Recent clinical evidence has demonstrated that the α/β ratio of prostate cancer may be around 2 Gy.4, 5 SBRT boost (3 fractions of 7 Gy) after WP-EBRT (25 fractions of 1.8 Gy) delivered a Biologic Equivalent Dose (BED) of 180 Gy, assuming an α/β ratio of 2 (e.g., BED2), compared with a BED2 of 133.4–143.6 Gy with CF-EBRT (39–42 fractions of 1.8 Gy). Consistent with dose escalation trials which have shown a lower PSA nadir with increased total dose, we expect the SBRT boost after WP-EBRT regimen to produce a lower PSA nadir and a continuative decline of PSA. In our study, the PSA decline of SBRT boost was not significantly notable in the 1st year, but constantly decreased during periods of 2 years, 3 years, and 4 years to achieve lower PSA nadir than that of CF-EBRT. Lamb et al showed that the postradiation nadir PSA is the strongest indicator. Zelefsky et al demonstrated that nadir PSA values of ≤ 1.5 ng/mL at 2 years after radiation therapy for prostate cancer predict for long-term distant metastases and cause-specific mortality. We regard the low nadir of 0.29 ng/mL in SBRT boost after WP-EBRT as indicative of a favorable outcome. Constant declines of PSA for durations of 1 year, 2 years, 3 years, and 4 years and lower PSA nadirs led to favorable BCF free survival, despite the limited follow-up.

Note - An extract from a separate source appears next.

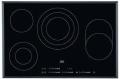 AEG HK854080FB GERMANY 78CM COOKTOP for 110 - 240 Volts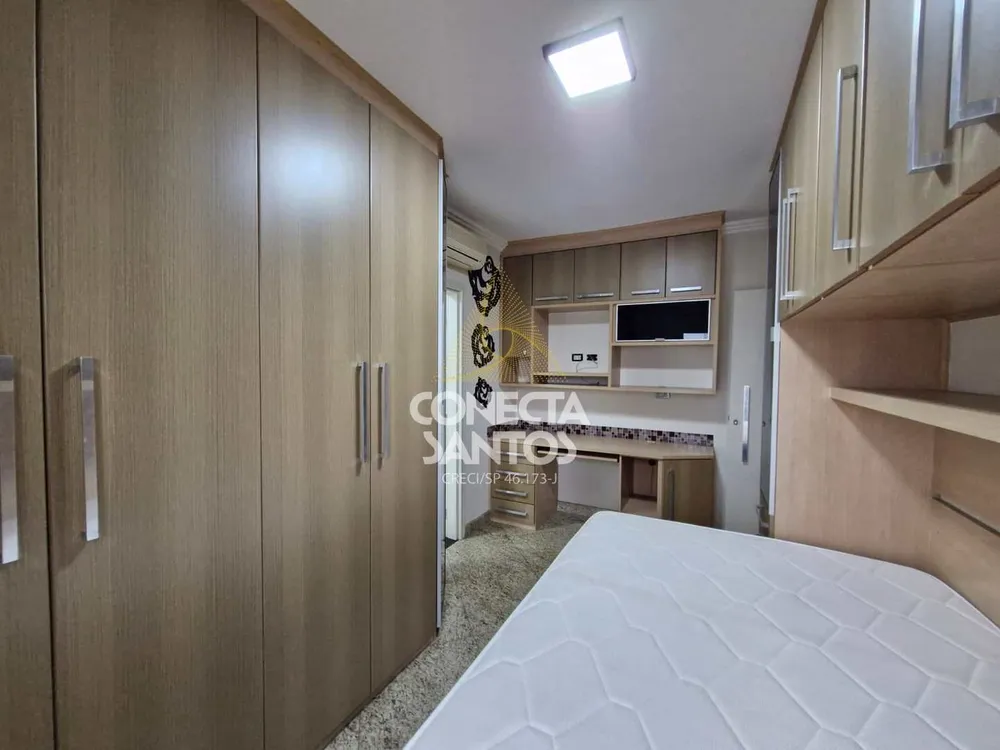 Apartamento, 4 quartos, 240 m² - Foto 11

Lin et al reported results on toxicity using WBRT and SBRT boost for high-risk prostate cancer. During radiotherapy, 27% of patients had Grade 2 GU toxicity, 12% had Grade 2 acute GI toxicity, there was no Grade 3 acute toxicity noted, and there was no Grade 3 late GU and GI toxicity at last follow-up.

Our study is limited by the retrospective nature of the analysis and the small number of patients. There were no strict protocols for the clinical decision-making process. Future studies should employ more comprehensive instruments to assess the effect of prostate SBRT.

In this report of localized prostate cancer, a continuously greater rate of decline in PSA for durations of 2 years, 3 years, and 4 years following SBRT boost after WP-EBRT resulted in lower PSA nadirs compared with CF-EBRT. The improved PSA kinetics of SBRT boost over CF-EBRT led to favorable BCF free survival. Although follow-up of SBRT boost is limited due to its recent start in the clinic, the improved PSA kinetics of SBRT boost over CF-EBRT are promising for control of prostate cancer.

Conflicts of interest

The authors have no conflicts of interest or financial ties to disclose.